Living with the family.

Living with the family.

 

 

I am having a problem, that in my wildest dreams I would never have thought possible.

We have a cleaning lady—my mum was a cleaning lady—now this may be the ‘norm’ for a family like ours, living in the leafy roads of Wood Green—I kid you not— with both parents working, this was something Ann and I never had or thought we needed.

It’s OK for them, I am left to deal with ‘Lesley’. I think that is her name as I never quite catch it when she speaks—I think she comes from Lithuania or some such place and speaks no English.

‘Lesley’ arrives on Wednesday mornings, which means I have to wake up early to clean the house before she is at the door.

Now you may find this odd behaviour but it is a matter of self-preservation, I am actually afraid of our little lady from Lithuania or where-ever, it’s not so much ‘Lesley’, you understand, it’s when she is armed with the ‘Henry’— such a friendly name for a vacuum cleaner— but in the hands of our little helper, it’s a weapon to be fearful of, she is a whirlwind, I try to anticipate which room she will enter next, I hear her go from one to another, with the sound of bits of ‘Lego’ flying up the hose, with me trying to keep one step ahead, fearful of meeting her on the stairs, heaven forbid.

 

I have developed a strategy to befriend her, to get her on my side, if you know what I mean, as soon as she arrives, I say “coffee” She says “Ah, yes pliss, coffee”

Then I go to Alex’s, our local shop to buy two chocolate bars and a nice cake.

She says, ”Tankyou very” I think this the only English she knows.

 

Now this is not the problem I am talking about.

‘Lesley’ came last Wednesday, dressed in very tight, flowered trousers, nothing wrong with that of course, she a lovely young lady.

The trouble is the pattern of the trousers, I am not averse to glancing at a lady with tight trousers, but it was where the pattern was situated that caught my eye.

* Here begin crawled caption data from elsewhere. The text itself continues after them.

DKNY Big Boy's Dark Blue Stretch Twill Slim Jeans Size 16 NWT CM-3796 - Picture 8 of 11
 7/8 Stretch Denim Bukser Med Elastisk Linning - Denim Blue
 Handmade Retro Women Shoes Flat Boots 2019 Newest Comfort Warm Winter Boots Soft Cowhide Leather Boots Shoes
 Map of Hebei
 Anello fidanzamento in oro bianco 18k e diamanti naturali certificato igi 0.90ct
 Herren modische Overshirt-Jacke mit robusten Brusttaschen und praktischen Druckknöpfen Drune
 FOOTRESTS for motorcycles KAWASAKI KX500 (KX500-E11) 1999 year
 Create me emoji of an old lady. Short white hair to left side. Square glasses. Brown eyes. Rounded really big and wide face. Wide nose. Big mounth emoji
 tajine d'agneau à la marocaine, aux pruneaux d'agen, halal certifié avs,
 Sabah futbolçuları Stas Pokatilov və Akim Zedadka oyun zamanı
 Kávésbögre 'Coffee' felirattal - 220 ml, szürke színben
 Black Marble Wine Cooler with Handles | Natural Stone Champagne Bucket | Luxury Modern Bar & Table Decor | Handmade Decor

At first glance or in my case several glances, the patterns made it look as if she was wearing her pants over her trousers.

 

The problem I have, is how do I tell ‘Lesley’, who speaks no English, and comes from Lithuania—probably a very strict Catholic country— that she may not realise, that the pattern on her trousers makes it look as if she is wearing her knickers on the wrong side of her trousers.

 

But, then again, what do I know about anything, this might be the ‘norm’ in London.